(Records from a data source)
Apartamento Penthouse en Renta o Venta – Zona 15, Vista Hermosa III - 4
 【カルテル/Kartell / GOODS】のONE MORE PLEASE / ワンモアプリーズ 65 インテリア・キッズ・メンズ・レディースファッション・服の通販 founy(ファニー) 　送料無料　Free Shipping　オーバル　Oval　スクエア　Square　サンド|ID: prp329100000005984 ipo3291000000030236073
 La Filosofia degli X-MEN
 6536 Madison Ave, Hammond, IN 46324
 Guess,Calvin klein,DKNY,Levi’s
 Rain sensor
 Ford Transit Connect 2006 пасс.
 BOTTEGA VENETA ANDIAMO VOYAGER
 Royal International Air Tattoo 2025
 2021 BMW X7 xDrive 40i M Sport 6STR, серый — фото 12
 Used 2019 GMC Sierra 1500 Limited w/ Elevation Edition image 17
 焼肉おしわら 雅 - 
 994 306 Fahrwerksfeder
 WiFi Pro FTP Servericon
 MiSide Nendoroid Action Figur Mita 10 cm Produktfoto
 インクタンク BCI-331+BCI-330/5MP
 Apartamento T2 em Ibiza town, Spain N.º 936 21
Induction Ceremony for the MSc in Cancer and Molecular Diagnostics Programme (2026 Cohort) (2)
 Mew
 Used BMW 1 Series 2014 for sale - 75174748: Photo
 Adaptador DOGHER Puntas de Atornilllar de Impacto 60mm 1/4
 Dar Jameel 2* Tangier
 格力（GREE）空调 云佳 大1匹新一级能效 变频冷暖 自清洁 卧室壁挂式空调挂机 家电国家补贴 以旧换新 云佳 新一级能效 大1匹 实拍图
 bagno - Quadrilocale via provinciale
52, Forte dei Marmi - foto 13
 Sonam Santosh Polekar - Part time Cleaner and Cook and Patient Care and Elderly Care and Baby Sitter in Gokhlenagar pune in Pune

* Assigned task
Output all records exactly, with nothing added or dropped.

* Exercise response
Apartamento Penthouse en Renta o Venta – Zona 15, Vista Hermosa III - 4
 【カルテル/Kartell / GOODS】のONE MORE PLEASE / ワンモアプリーズ 65 インテリア・キッズ・メンズ・レディースファッション・服の通販 founy(ファニー) 　送料無料　Free Shipping　オーバル　Oval　スクエア　Square　サンド|ID: prp329100000005984 ipo3291000000030236073
 La Filosofia degli X-MEN
 6536 Madison Ave, Hammond, IN 46324
 Guess,Calvin klein,DKNY,Levi’s
 Rain sensor
 Ford Transit Connect 2006 пасс.
 BOTTEGA VENETA ANDIAMO VOYAGER
 Royal International Air Tattoo 2025
 2021 BMW X7 xDrive 40i M Sport 6STR, серый — фото 12
 Used 2019 GMC Sierra 1500 Limited w/ Elevation Edition image 17
 焼肉おしわら 雅 - 
 994 306 Fahrwerksfeder
 WiFi Pro FTP Servericon
 MiSide Nendoroid Action Figur Mita 10 cm Produktfoto
 インクタンク BCI-331+BCI-330/5MP
 Apartamento T2 em Ibiza town, Spain N.º 936 21
Induction Ceremony for the MSc in Cancer and Molecular Diagnostics Programme (2026 Cohort) (2)
 Mew
 Used BMW 1 Series 2014 for sale - 75174748: Photo
 Adaptador DOGHER Puntas de Atornilllar de Impacto 60mm 1/4
 Dar Jameel 2* Tangier
 格力（GREE）空调 云佳 大1匹新一级能效 变频冷暖 自清洁 卧室壁挂式空调挂机 家电国家补贴 以旧换新 云佳 新一级能效 大1匹 实拍图
 bagno - Quadrilocale via provinciale
52, Forte dei Marmi - foto 13
 Sonam Santosh Polekar - Part time Cleaner and Cook and Patient Care and Elderly Care and Baby Sitter in Gokhlenagar pune in Pune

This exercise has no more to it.